# [WHAT NEEDS TO BE DONE]
Please repeat exactly the lines below from the one containing "pink sapphire-white topaz engagement ring" down to the one containing "David Yurman Sterling", both included, and nothing else.

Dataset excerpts
----

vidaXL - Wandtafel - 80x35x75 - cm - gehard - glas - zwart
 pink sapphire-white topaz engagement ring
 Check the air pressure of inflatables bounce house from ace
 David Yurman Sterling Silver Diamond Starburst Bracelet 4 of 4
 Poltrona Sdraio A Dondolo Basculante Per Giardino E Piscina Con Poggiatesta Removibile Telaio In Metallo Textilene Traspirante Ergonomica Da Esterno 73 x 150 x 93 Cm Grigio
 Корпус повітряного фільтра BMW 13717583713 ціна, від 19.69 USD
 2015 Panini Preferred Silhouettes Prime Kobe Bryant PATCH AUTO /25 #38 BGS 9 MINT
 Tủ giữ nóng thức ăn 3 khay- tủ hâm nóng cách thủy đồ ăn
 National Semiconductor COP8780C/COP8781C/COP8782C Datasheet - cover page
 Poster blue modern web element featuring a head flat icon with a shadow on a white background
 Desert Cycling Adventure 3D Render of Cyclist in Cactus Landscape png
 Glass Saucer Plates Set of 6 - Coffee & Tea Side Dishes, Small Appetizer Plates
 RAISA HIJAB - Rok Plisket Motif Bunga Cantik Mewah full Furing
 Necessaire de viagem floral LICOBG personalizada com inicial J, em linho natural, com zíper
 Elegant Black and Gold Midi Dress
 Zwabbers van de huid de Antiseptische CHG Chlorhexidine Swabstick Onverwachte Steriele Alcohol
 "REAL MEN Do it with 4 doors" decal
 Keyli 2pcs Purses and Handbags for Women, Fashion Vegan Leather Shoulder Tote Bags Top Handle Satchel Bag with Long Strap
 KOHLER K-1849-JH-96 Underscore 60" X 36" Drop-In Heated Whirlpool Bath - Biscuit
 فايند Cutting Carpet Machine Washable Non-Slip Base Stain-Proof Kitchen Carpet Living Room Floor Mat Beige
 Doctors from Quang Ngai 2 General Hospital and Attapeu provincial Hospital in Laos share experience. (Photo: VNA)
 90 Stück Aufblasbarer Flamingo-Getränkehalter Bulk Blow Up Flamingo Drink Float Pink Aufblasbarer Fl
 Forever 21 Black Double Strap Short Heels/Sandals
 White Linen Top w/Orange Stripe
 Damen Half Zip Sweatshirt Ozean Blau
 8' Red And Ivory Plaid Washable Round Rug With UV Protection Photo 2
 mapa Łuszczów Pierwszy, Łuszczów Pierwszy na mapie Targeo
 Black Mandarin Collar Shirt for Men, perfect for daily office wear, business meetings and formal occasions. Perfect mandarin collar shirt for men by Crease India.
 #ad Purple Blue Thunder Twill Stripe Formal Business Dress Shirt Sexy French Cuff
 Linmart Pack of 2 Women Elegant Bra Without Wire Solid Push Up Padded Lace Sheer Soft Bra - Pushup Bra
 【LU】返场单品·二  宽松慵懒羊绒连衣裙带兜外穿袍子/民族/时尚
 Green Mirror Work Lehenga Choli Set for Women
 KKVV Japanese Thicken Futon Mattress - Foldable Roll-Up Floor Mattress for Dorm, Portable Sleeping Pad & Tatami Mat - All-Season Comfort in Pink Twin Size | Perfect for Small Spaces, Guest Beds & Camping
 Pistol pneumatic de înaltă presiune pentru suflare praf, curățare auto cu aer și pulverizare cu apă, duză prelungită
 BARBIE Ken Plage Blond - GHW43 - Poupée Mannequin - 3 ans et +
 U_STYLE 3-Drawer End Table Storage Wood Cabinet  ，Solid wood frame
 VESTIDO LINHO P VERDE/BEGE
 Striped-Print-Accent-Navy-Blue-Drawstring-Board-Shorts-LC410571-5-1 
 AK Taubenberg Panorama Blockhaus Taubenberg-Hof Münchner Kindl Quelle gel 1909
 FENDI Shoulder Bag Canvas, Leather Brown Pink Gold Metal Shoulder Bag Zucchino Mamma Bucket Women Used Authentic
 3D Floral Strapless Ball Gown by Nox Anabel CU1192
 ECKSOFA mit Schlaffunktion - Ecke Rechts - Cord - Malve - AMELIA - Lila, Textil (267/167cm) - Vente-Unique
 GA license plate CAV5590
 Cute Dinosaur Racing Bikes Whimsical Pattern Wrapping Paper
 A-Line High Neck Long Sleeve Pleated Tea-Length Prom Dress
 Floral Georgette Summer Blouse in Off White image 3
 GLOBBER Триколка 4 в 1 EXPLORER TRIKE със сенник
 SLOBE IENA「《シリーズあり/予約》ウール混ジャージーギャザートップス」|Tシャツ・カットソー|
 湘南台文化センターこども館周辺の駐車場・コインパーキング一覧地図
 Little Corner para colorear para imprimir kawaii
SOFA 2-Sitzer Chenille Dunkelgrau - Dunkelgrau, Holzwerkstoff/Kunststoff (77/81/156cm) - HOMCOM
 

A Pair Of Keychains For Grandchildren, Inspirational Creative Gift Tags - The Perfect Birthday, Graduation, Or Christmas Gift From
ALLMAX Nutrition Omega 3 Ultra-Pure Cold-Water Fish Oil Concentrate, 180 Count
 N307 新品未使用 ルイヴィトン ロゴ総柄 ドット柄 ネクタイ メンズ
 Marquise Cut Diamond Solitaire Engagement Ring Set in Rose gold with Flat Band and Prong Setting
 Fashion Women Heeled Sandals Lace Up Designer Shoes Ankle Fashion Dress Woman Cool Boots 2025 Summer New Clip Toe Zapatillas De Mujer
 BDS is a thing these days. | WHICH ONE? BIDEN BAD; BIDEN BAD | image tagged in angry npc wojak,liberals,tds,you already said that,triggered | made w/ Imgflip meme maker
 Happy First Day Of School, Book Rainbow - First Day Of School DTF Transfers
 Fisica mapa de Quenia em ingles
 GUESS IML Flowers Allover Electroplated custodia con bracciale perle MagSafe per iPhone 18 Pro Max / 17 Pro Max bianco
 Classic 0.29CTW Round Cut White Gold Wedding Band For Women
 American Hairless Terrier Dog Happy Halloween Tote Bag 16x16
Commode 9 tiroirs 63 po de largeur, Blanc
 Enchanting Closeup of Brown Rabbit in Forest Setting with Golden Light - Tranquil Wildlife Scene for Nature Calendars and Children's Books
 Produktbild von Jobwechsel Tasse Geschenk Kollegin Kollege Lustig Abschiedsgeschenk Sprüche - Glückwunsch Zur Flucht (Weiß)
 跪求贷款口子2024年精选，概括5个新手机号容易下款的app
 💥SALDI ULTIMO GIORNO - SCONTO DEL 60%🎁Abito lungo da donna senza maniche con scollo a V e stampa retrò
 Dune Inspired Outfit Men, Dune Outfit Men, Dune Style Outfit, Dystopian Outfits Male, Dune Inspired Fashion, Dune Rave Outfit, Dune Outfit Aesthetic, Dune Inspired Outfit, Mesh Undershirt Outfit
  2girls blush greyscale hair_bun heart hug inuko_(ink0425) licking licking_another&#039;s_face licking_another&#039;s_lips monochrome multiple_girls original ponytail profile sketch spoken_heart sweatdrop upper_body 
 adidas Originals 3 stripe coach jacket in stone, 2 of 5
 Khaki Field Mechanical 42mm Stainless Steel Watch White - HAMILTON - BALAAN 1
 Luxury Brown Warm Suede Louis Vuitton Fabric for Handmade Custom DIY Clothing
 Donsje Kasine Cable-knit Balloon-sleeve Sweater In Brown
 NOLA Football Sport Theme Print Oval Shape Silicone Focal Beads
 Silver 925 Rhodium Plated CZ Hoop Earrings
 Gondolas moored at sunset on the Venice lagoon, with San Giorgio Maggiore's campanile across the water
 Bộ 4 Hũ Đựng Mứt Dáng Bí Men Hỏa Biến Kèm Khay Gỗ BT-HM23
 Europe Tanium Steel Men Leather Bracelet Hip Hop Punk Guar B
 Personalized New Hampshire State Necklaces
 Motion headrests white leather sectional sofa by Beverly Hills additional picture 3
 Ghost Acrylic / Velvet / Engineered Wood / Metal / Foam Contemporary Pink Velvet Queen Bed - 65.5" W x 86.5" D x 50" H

----

# [WRITTEN ANSWER]
 pink sapphire-white topaz engagement ring
 Check the air pressure of inflatables bounce house from ace
 David Yurman Sterling Silver Diamond Starburst Bracelet 4 of 4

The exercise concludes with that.